To evaluate the effect of initial graft tension on rotational stability and to determine the minimum required tension (MRT) based on the pivot-shift phenomenon in isolated anteromedial bundle (AMB), isolated posteromedial bundle (PLB), and double-bundle anterior cruciate ligament (ACL) reconstructions using a triaxial accelerometer during surgery. Primary double-bundle ACL reconstructions were included.

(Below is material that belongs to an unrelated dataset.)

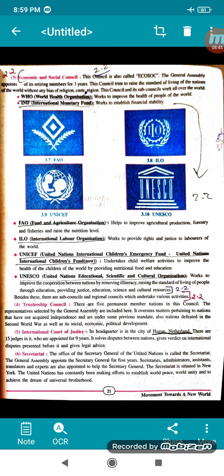Trusteeship Council. There are five permanent member nations in this council, along with representatives selected by the General Assembly. It oversees matters pertaining to nations that have not acquired independence and are under some previous mandate, as well as nations defeated in the Second World War. It looks into their social, economic and political development, which is the responsibility of the Trusteeship Council.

The pivot-shift test and N-test were performed before and during surgery with the acceleration measurements using a triaxial accelerometer. The pivot-shift test was also manually graded. The AMB and PLB were fixed to a graft tensioning system during surgery with the following settings: (1) AMB only (AMB), (2) PLB only (PLB), and (3) AMB and PLB (A+P). The total graft tension was first set at 20N and then was increased in increments of 10N until the pivot-shift test became negative, which was defined as the MRT in each setting. Twenty-five patients were evaluated. The MRT in the AMB setting averaged 26N (range, 20 to 40N); in the PLB setting, 28N (range, 20 to 40N); and in the A+P setting, 24N (range, 20 to 40N). The MRT in the A+P setting was significantly smaller than that in the PLB setting (P= .008). The acceleration in the A+P setting was significantly smaller than that in the AMB and PLB settings both in the pivot-shift test (vs AMB: P= .007, vs PLB: P=.011) and in the N-test (vs AMB: P < .001, vs PLB: P < .001). Double-bundle ACL reconstruction better controlled rotational stability with smaller MRT than isolated PLB reconstruction at the time of surgery. In double-bundle reconstruction, the MRT based on the pivot-shift phenomenon could be larger than previously reported MRT based on anteroposterior laxity. Level IV, therapeutic case series.